Campaign for Female Education kicks off global celebration of a global cause

In 1993, the Campaign for Female Education (CAMFED) was founded with a mission to educate marginalised girls in rural and remote sub-Saharan Africa. What started with a bake sale to support 32 girls in Zimbabwe to go to school has grown into a movement which, 25 years later, has educated 2.6 million children, and launched young women across five countries into entrepreneurism and leadership roles.

To celebrate a quarter century of empowering girls and young women to break the cycle of poverty and inequality – at the root of so many of the world’s problems – the Campaign for Female Education will unveil its new brand simultaneously in eight countries on three continents.

Today’s launch, which precipitates a year-long 25th Anniversary campaign, unites students, alumnae, teachers, Ministries of Education, and organisation leaders across Ghana, Malawi, Tanzania, Zambia, Zimbabwe, Great Britain, Canada, and the United States. The global event will feature a simultaneous unveiling of a new brand identity for the Campaign for Female Education. Under the banner Make Your Mark, the events will also feature creative uses of the logo on products and art created by the organisation’s community of students, employees, partners, and CAMFED Alumnae in the CAMA network – the former students who have become teachers, health care workers, businesswomen and, most importantly, catalysts of lasting change.

“For 25 years, we have worked tirelessly to elevate women’s leadership in Africa,” said Lucy Lake, CEO of the Campaign for Female Education. “As we move forward into the next 25 years, we want to celebrate our global community of partners and show the world how creative and powerful the students and alumnae that we serve are. The Make Your Mark initiative will also showcase the vibrancy and passion of our teams in Africa, England and North America. Members of our movement are making their mark in communities around the world. It’s time to let a wider audience in to see their talent and ambition.”

Angeline Murimirwa, CAMFED’s Executive Director in Africa, was one of the first girls supported to go to school by CAMFED. She now leads on programmes across more than 5,700 marginalised school communities, supported by an executive team a quarter of which is made up of CAMFED Alumnae. These young women bring unrivalled expertise and empathy to solve complex issues around girls’ exclusion from education – including child marriage and gender-based violence – with poverty at their core.

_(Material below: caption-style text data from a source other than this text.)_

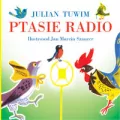 Ptasie radio - tantis.pl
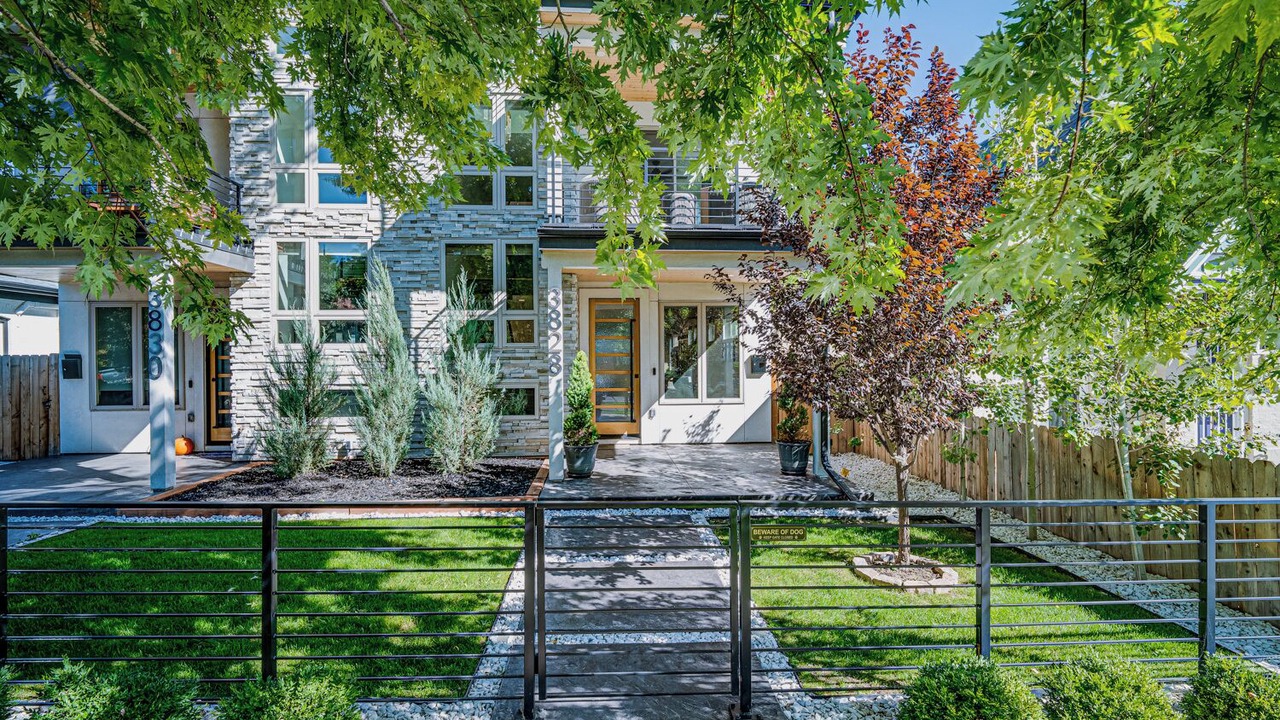 Photo of Outdoor in Sunnyside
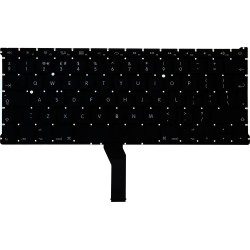 MacBook Pro Retina 13" (A1706) 2016-2017 - Keyboard MacBook Pro Retina 13" (A1706) 2016-2017 - Keyboard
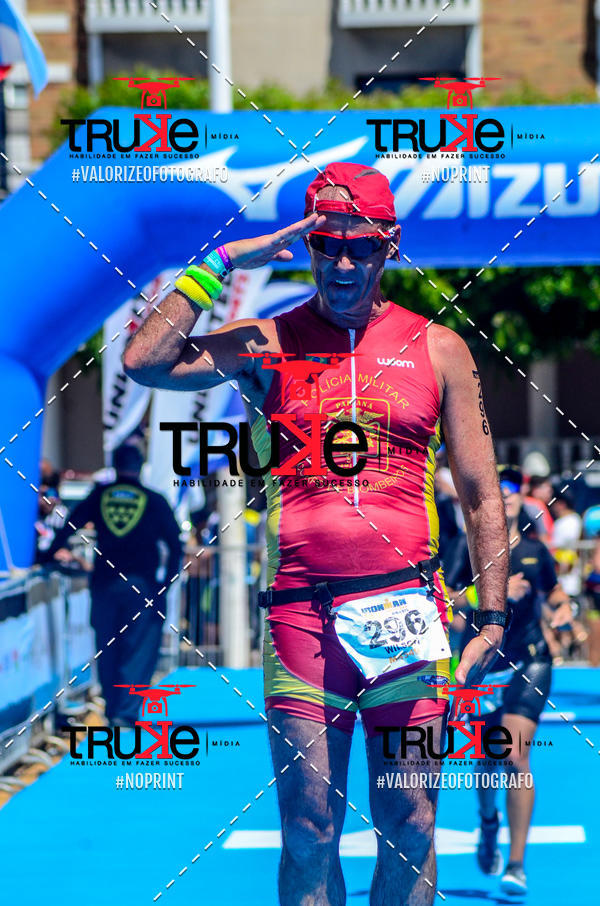 Buy your photos of the eventIronMan 70.3  Fortaleza on Fotop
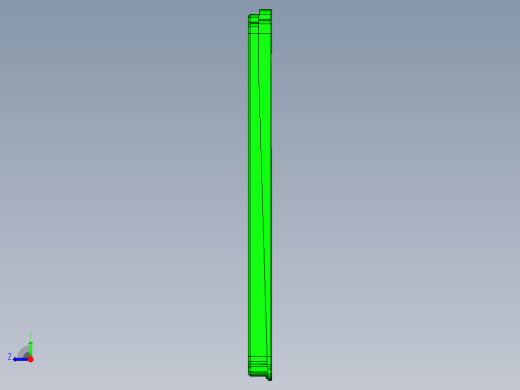 UX430-C-CNC1-GaiBan-170519右视缩略图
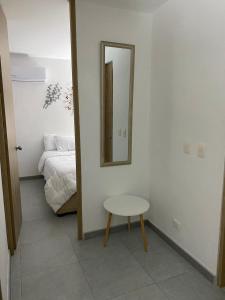 Enjoy the sun and beach in our apartment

“Twenty-five years on, we are evolving our master mark to involve people in who we are, what we do, how we’re different, and why they should care,” Angeline Murimirwa says. “Our new mark shows that we are united, an unstoppable force for progress, and that everyone is capable of greatness. It shows how when we use our authority and leadership to protect and nurture the most vulnerable, we can create a global force for good, where no one is left behind. We ask people, governments and like-minded organisations to join us in the Campaign for Female Education.”

For more information about the Campaign for Female Education, the 25th Anniversary celebrations and the Make Your Mark initiative, please follow @CAMFED on social media, and visit: www.camfed.org

 

About the Campaign for Female Education

Supporting marginalised girls to go to school, succeed, and lead change

The Campaign for Female Education (CAMFED) is an international non-profit organisation tackling poverty and inequality by supporting girls to go to school and succeed, and empowering young women to step up as leaders of change.  CAMFED invests in girls and women in the poorest rural communities in sub-Saharan Africa, where girls face acute disadvantage, and where their education has transformative potential.  The organisation not only supports girls and young women through school, but also on to new lives as entrepreneurs and community leaders. To complete the “virtuous cycle,” and create sustainable change, graduating students become CAMFED Alumnae (CAMA), many of whom return to school to train and mentor new generations of students. Since 1993, the organisations’s innovative community-led education programmes have supported more than 2.6 million children to go to school in Ghana, Malawi, Tanzania, Zambia and Zimbabwe at more than 5,745 partner schools. In 2014, the Campaign for Female Education was recognized by the OECD for best practice in taking development innovation to scale.